*** Data for analysis ***

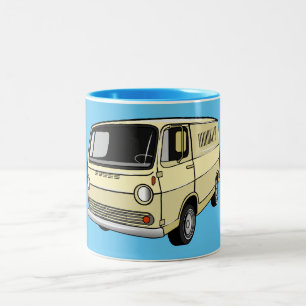 Taza Bicolor Ilustracion clásico van personalizado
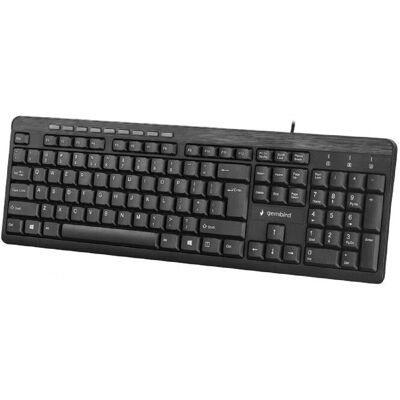 Gembird KB-UM-106 Schwarze - Tastatur mit US-Layout Gembird KB-UM-106 Schwarze - Tastatur mit US-Layout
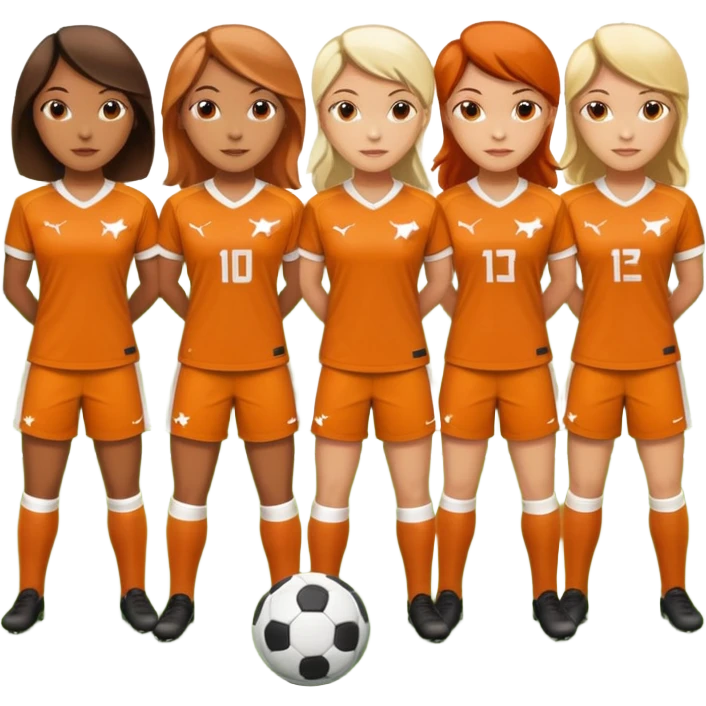 Texas women’s longhorn soccer emoji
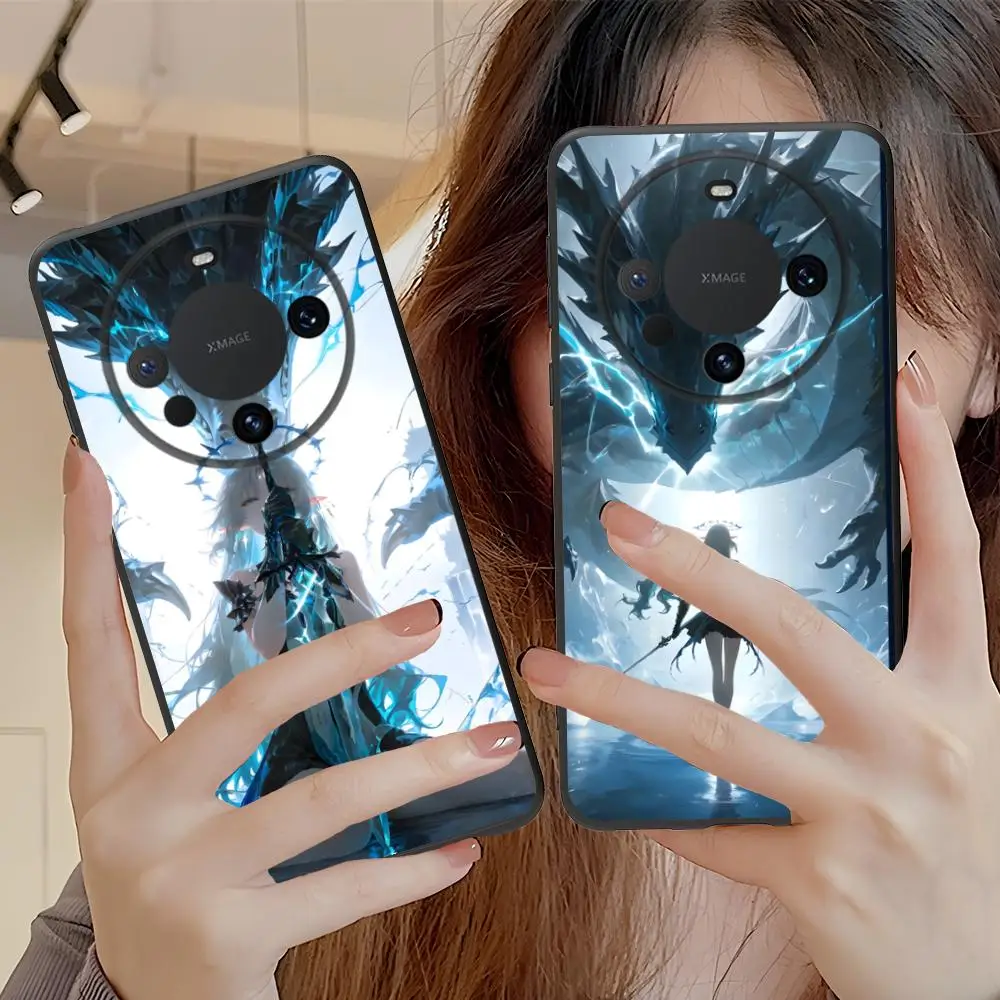 حافظة لهاتف هواوي ميت 60 50 40 30 20 10 Pro Plus Lite E 5G غطاء طباعة ملون غطاء جميل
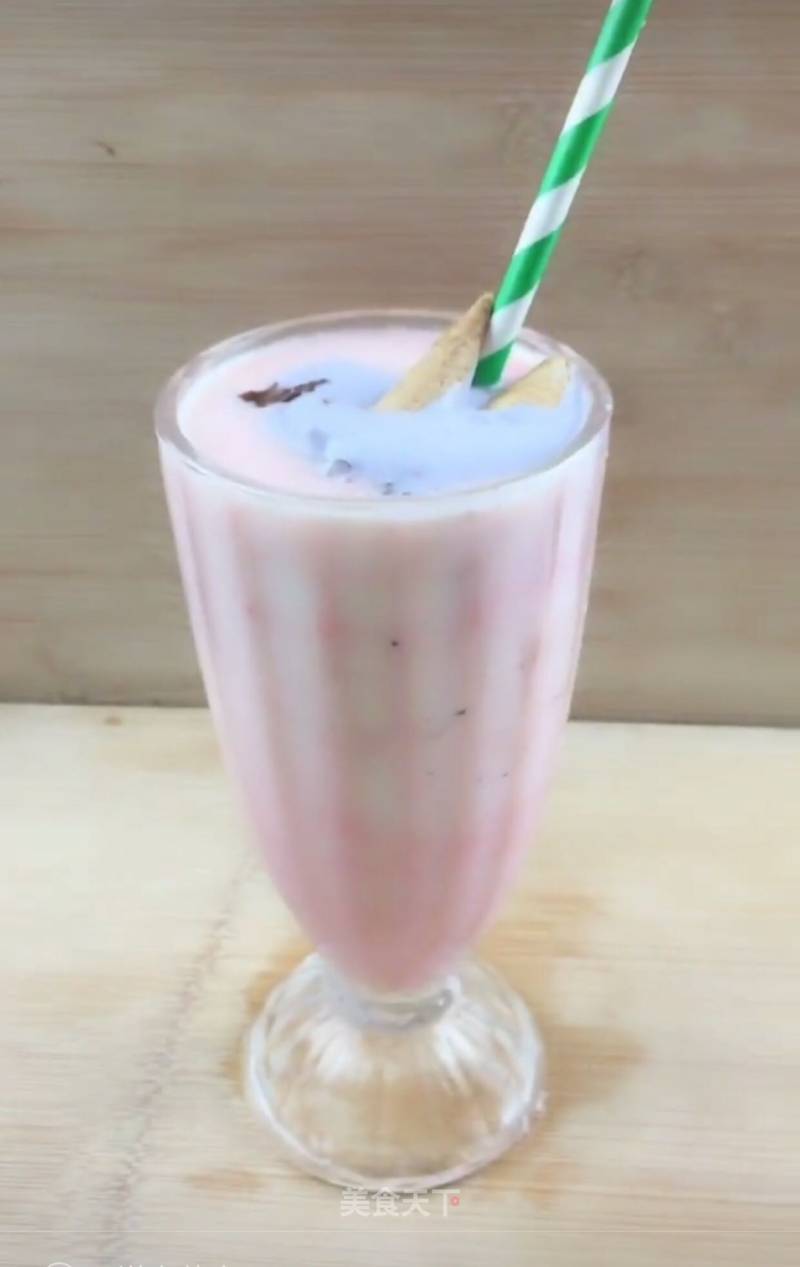 Three-color Milkshake recipe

*** End of Data for analysis ***

Requirement -
Reproduce the entire listing above precisely, but keep the images out.

Exercise response -
 Taza Bicolor Ilustracion clásico van personalizado
 Gembird KB-UM-106 Schwarze - Tastatur mit US-Layout Gembird KB-UM-106 Schwarze - Tastatur mit US-Layout
 Texas women’s longhorn soccer emoji
 حافظة لهاتف هواوي ميت 60 50 40 30 20 10 Pro Plus Lite E 5G غطاء طباعة ملون غطاء جميل
 Three-color Milkshake recipe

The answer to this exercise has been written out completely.